The key changes set out in the draft regulations are as follows:

  • Pay reference periods: An additional method of determining the "pay reference period" for the purposes of jobholder eligibility and the defined contribution (DC) qualifying scheme minimum contribution requirements will be introduced allowing employers to use standard payroll reference periods. This should assist employers in matching salary/wages paid to the relevant pay reference period and will also ensure that the minimum contribution requirements can be met without the need for annual reconciliations.
  • Contribution payment deadlines: Employers will be able to retain initial contributions paid by all new scheme members for up to two months, assisting with the administration of contributions and refunds where individuals opt-out. At present, the extended auto-enrolment deadline only applies to jobholders and to contributions taken as part of an auto-enrolment, re-enrolment or opt-in process.
  • Contractual enrolment, opt-outs and auto-enrolment: The current easement to the auto-enrolment regime whereby an employer is not required to re-enrol a worker who has opted-out of a qualifying scheme within the previous twelve months will be extended to cover the situation where a worker has opted-out after being contractually enrolled prior to his auto-enrolment date.
  • Extension of the joining window: The joining window (the period within which an employer must auto-enrol a worker who meets the auto-enrolment conditions) will be extended from one month to six weeks to assist employers with workers who have widely fluctuating earnings or zero hours contracts.
  • Defined benefit (DB) test scheme standard: The "test scheme standard" used to determine whether a non-contracted-out DB scheme is a qualifying scheme will be amended to allow future increases in state pension age to be taken into account and to clarify the quality requirements applying to lump sum schemes.
  • Opt-out notices: It will be clarified that opt-out notices must be in substantially the same form as set out in the legislation.

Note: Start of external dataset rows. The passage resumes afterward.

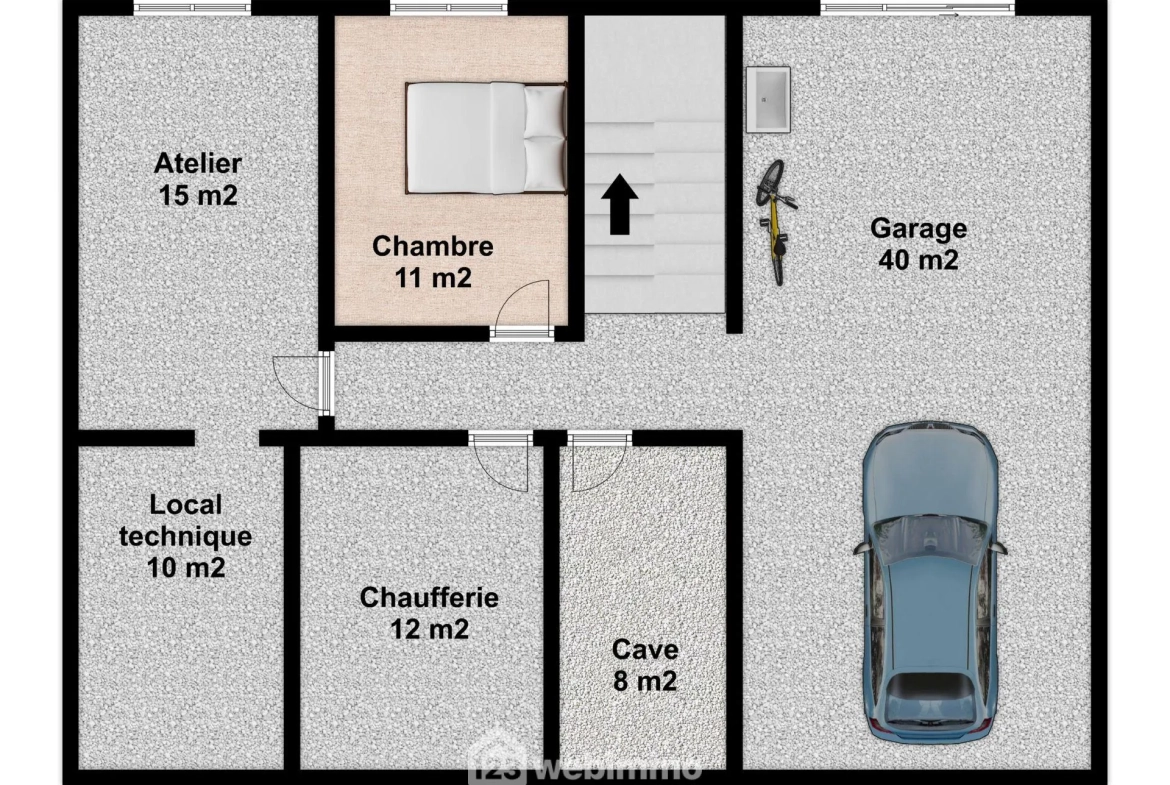 Maison plain-pied avec sous-sol à Bignoux sur terrain de 2187 m² 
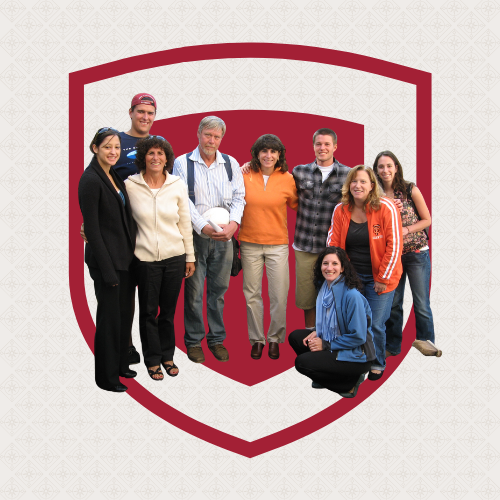 A group of smiling people from the Santa Clara University Alumni Associations Time Capsule Team.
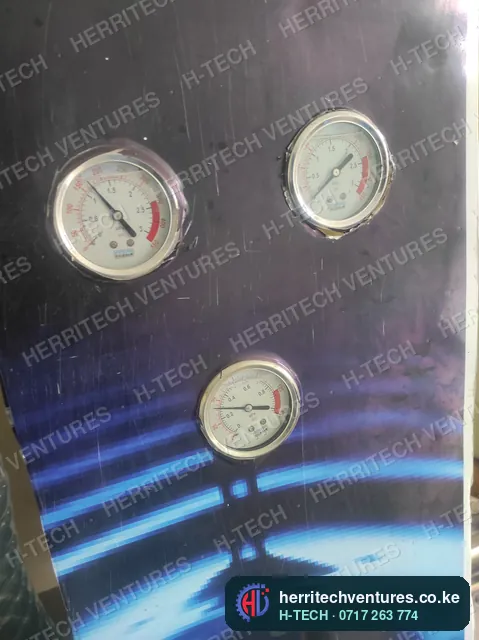 Pressure gauges on a water station front panel, September 2022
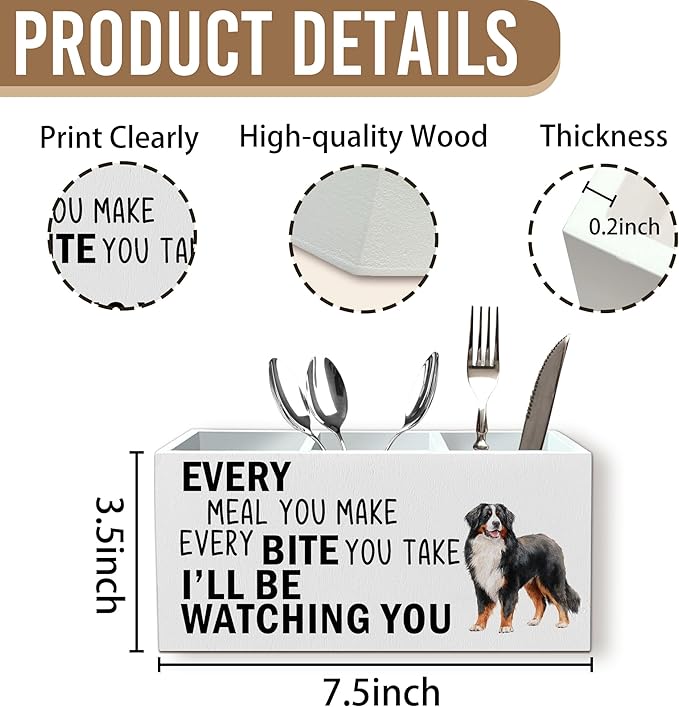 Bernese Mountain Dog Kitchen Utensil Holder for Countertop, Dog Decorative Lover Gifts, Funny Every Meal You Make Every Bite You Take Wooden Utensil Holder Organizer for Kitchen Table Decor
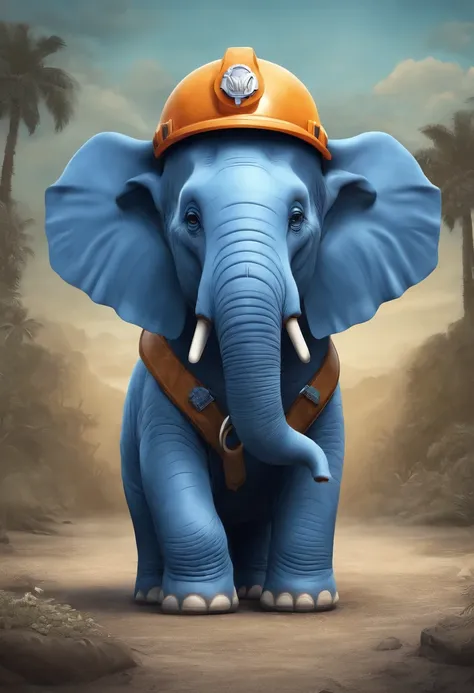 Blue elephant, wearing work clothes, gray work helmet, cute, pop, illustration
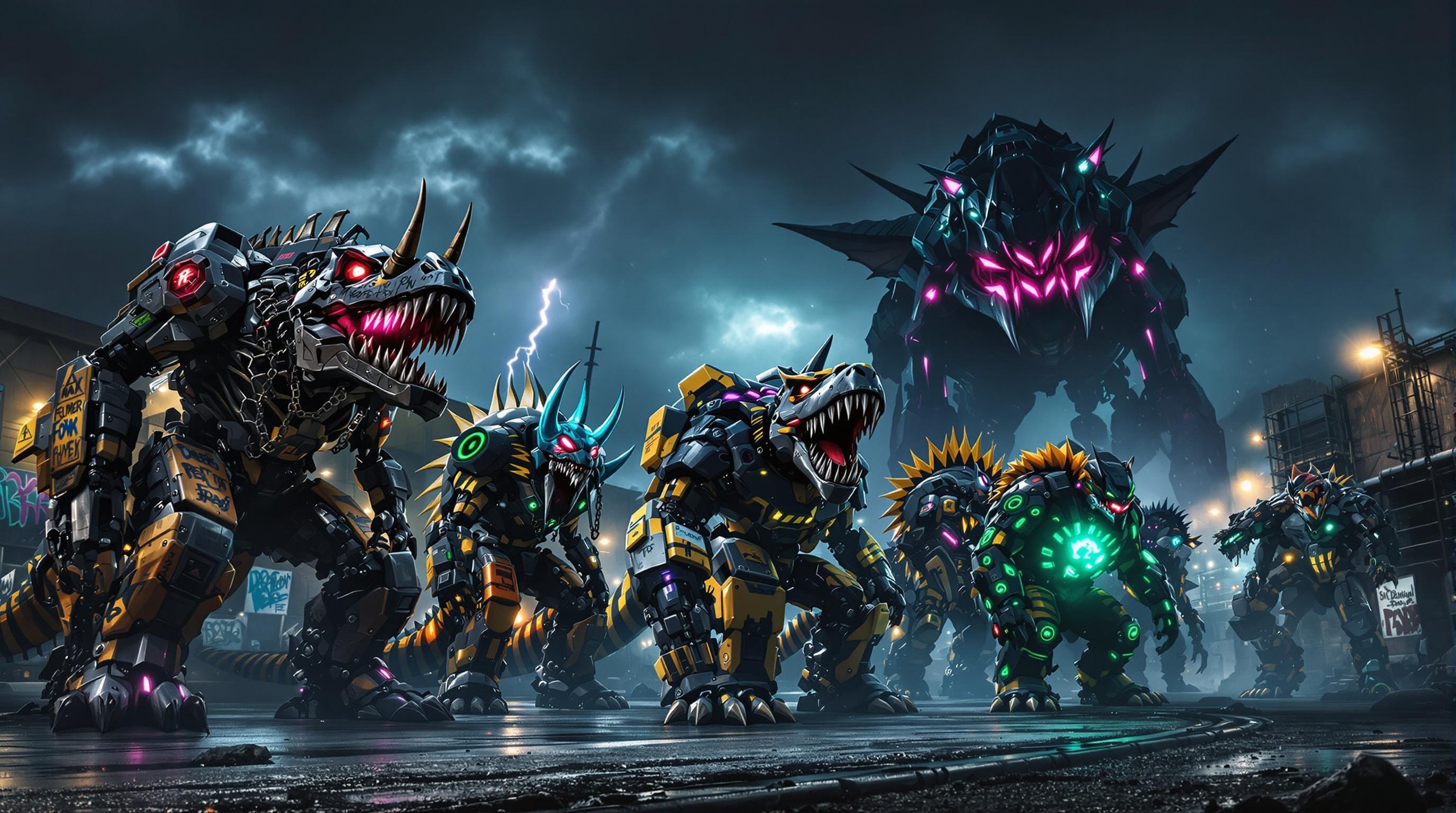 A lineup of emo-punk reimagined Dinosaur Zords, towering in a dar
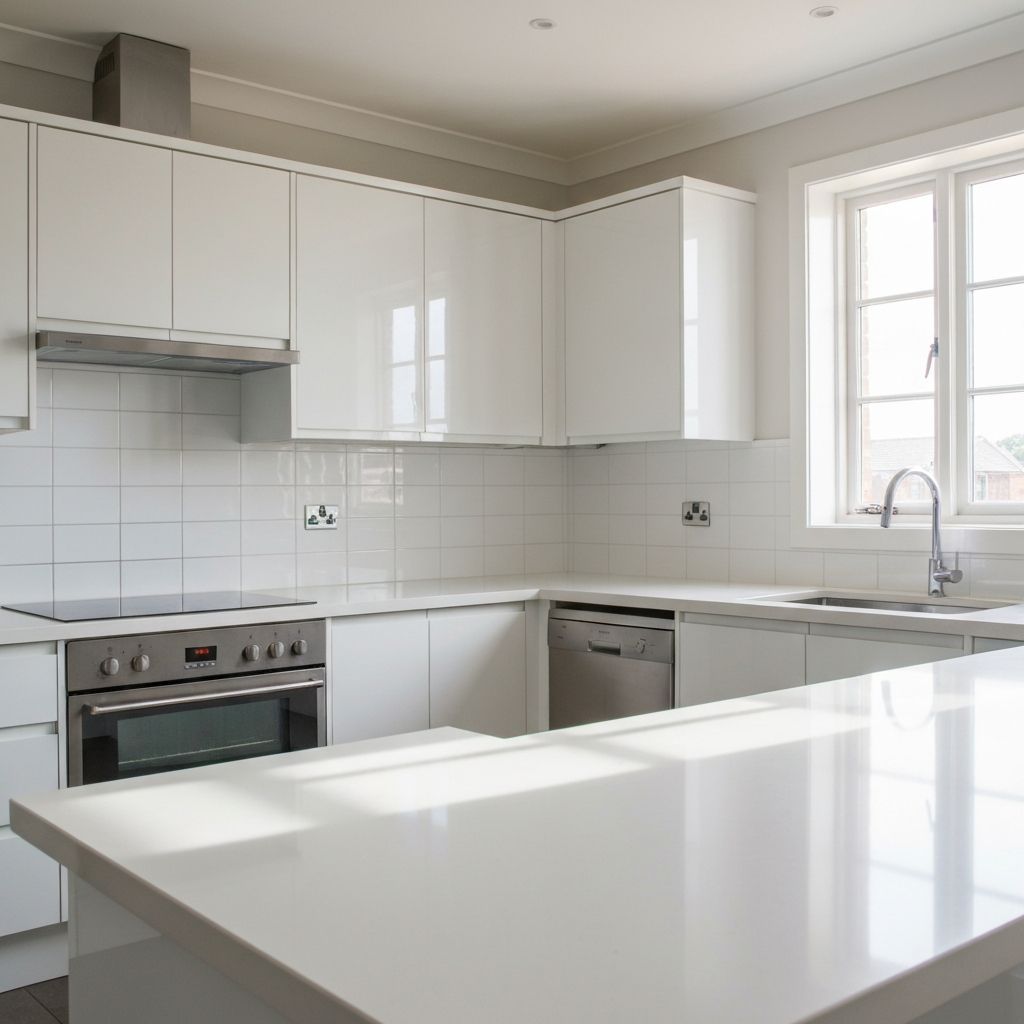 Gleaming clean modern kitchen with spotless oven and countertops after a deep clean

In addition, the consultation paper seeks views on the introduction of a new power for the Government to regulate to allow employers to exclude certain categories of worker from their auto-enrolment duties in circumstances where further pension saving may be inappropriate or financially detrimental. This might be where an individual has registered for enhanced or fixed protection, is an active member of a DC scheme and has given notice of retirement, or has handed in his notice during a deferral period. It also indicates that the DWP is considering two possible easements to the regime. Firstly it is proposed that employers using contractual enrolment could be exempted from their auto-enrolment duties on the basis of a certification that they are meeting the auto-enrolment policy objectives. Secondly, views are sought on whether there are simpler ways than the existing test scheme standard to determine whether a DB scheme is a qualifying scheme and whether there is a need for a quality requirement at all.

The consultation period runs until 7 May 2013. The amending regulations are expected to be in force by April 2014, though the DWP indicates that it may consider bringing specific changes into force earlier if consultation responses show there is demand and it can be achieved without "unwelcome consequences".